On the subsequent drive, Ohio State began on its own 4-yard line, backed up to the rowdy student section. They escaped, thanks to the only offensive play that worked consistently for Ohio State all night – the screen pass. Dwayne Haskins shook off three uneven quarters and hit a middle screen to J.K. Dobbins, who galloped 35 yards out of the shadow of the goal line. K.J. Hill capped the drive with another screen, dicing past Penn State’s John Reid and prancing 24 yards into the end zone for the winning score. He was accompanied by strong wide receiver blocking, something that surely makes Meyer, a former receivers coach, giddy to the core. “They knew they had to get after him,” offensive coordinator Ryan Day said of Haskins. “They were rushing hard.
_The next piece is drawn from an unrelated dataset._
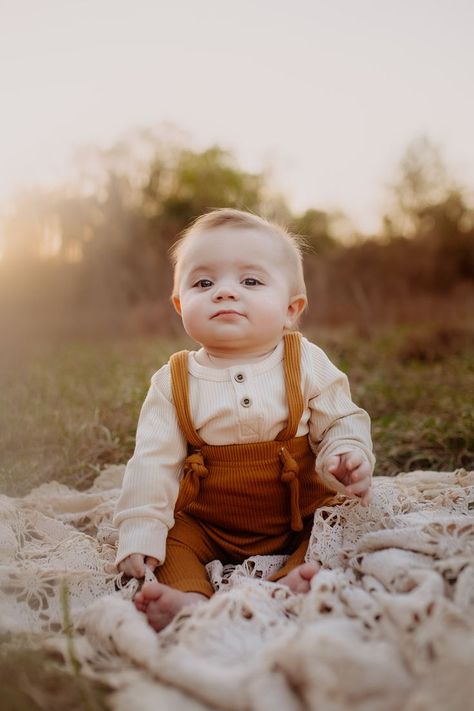 6 month old infant sitting on a crochet blanket at a state park wearing rust colored overalls Baby Photos, Newborn Pictures, 6 Month Baby Picture Ideas Boy, 6 Month Baby Picture Ideas, Newborn Baby Photography, 6 Month Photography, Baby Photography Poses, 6 Month Photos, 6 Month Pictures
They were coming after us.”

The 96 yards, bookended by screens, slammed the door on Penn State and kept everything wide open for all of Ohio State’s goals – from Big Ten East all the way to the College Football Playoff. Ohio State committed 10 penalties for 105 yards, gave up the longest touchdown in school history (again, 93 yards) and seemed helpless at times to stop obvious quarterback runs.

But when it all mattered, Haskins’ night flipped from pedestrian to gritty, Ohio State’s defense went from porous to opportunistic, and the Buckeyes found a way to end the party in State College a few hours before last call. “Where did the last drive start from?” Meyer said. “The 4-yard-line? And we went 96 yards? At Penn State?”

His paused for a second, his eyes looking like they’d seen a flash bulb, and then retreated into the locker room to try and sort out what had just happened. The Penn State fans streaming into the chilly night were wondering the same thing.